TASK TO CARRY OUT - Write all of the lines below out again, exactly as they stand.

Stored entries -
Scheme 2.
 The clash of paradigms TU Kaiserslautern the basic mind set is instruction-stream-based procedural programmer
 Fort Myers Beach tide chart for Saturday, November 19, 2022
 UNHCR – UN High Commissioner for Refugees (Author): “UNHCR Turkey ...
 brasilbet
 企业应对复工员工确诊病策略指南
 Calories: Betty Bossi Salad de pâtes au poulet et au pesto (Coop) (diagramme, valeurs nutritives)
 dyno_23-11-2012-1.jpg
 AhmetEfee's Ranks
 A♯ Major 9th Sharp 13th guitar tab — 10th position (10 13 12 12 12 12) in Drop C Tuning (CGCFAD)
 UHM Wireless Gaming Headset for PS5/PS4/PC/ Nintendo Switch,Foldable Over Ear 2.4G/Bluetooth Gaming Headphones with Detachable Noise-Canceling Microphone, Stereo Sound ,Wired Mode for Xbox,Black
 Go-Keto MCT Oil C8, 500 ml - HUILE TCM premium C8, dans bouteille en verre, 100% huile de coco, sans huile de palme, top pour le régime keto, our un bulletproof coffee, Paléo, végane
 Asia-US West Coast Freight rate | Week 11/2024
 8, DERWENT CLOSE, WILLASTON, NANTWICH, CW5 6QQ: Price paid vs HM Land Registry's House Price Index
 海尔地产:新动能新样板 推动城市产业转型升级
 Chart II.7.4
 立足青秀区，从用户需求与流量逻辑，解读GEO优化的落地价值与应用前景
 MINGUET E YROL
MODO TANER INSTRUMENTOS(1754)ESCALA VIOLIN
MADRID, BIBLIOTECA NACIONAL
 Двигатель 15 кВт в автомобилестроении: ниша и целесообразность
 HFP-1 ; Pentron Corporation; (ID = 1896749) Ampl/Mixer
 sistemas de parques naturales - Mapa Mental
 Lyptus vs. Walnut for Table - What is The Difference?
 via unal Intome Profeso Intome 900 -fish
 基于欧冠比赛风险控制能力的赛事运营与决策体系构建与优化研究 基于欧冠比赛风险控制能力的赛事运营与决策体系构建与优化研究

RESULT FOR THIS EXERCISE -
Scheme 2.
 The clash of paradigms TU Kaiserslautern the basic mind set is instruction-stream-based procedural programmer
 Fort Myers Beach tide chart for Saturday, November 19, 2022
 UNHCR – UN High Commissioner for Refugees (Author): “UNHCR Turkey ...
 brasilbet
 企业应对复工员工确诊病策略指南
 Calories: Betty Bossi Salad de pâtes au poulet et au pesto (Coop) (diagramme, valeurs nutritives)
 dyno_23-11-2012-1.jpg
 AhmetEfee's Ranks
 A♯ Major 9th Sharp 13th guitar tab — 10th position (10 13 12 12 12 12) in Drop C Tuning (CGCFAD)
 UHM Wireless Gaming Headset for PS5/PS4/PC/ Nintendo Switch,Foldable Over Ear 2.4G/Bluetooth Gaming Headphones with Detachable Noise-Canceling Microphone, Stereo Sound ,Wired Mode for Xbox,Black
 Go-Keto MCT Oil C8, 500 ml - HUILE TCM premium C8, dans bouteille en verre, 100% huile de coco, sans huile de palme, top pour le régime keto, our un bulletproof coffee, Paléo, végane
 Asia-US West Coast Freight rate | Week 11/2024
 8, DERWENT CLOSE, WILLASTON, NANTWICH, CW5 6QQ: Price paid vs HM Land Registry's House Price Index
 海尔地产:新动能新样板 推动城市产业转型升级
 Chart II.7.4
 立足青秀区，从用户需求与流量逻辑，解读GEO优化的落地价值与应用前景
 MINGUET E YROL
MODO TANER INSTRUMENTOS(1754)ESCALA VIOLIN
MADRID, BIBLIOTECA NACIONAL
 Двигатель 15 кВт в автомобилестроении: ниша и целесообразность
 HFP-1 ; Pentron Corporation; (ID = 1896749) Ampl/Mixer
 sistemas de parques naturales - Mapa Mental
 Lyptus vs. Walnut for Table - What is The Difference?
 via unal Intome Profeso Intome 900 -fish
 基于欧冠比赛风险控制能力的赛事运营与决策体系构建与优化研究 基于欧冠比赛风险控制能力的赛事运营与决策体系构建与优化研究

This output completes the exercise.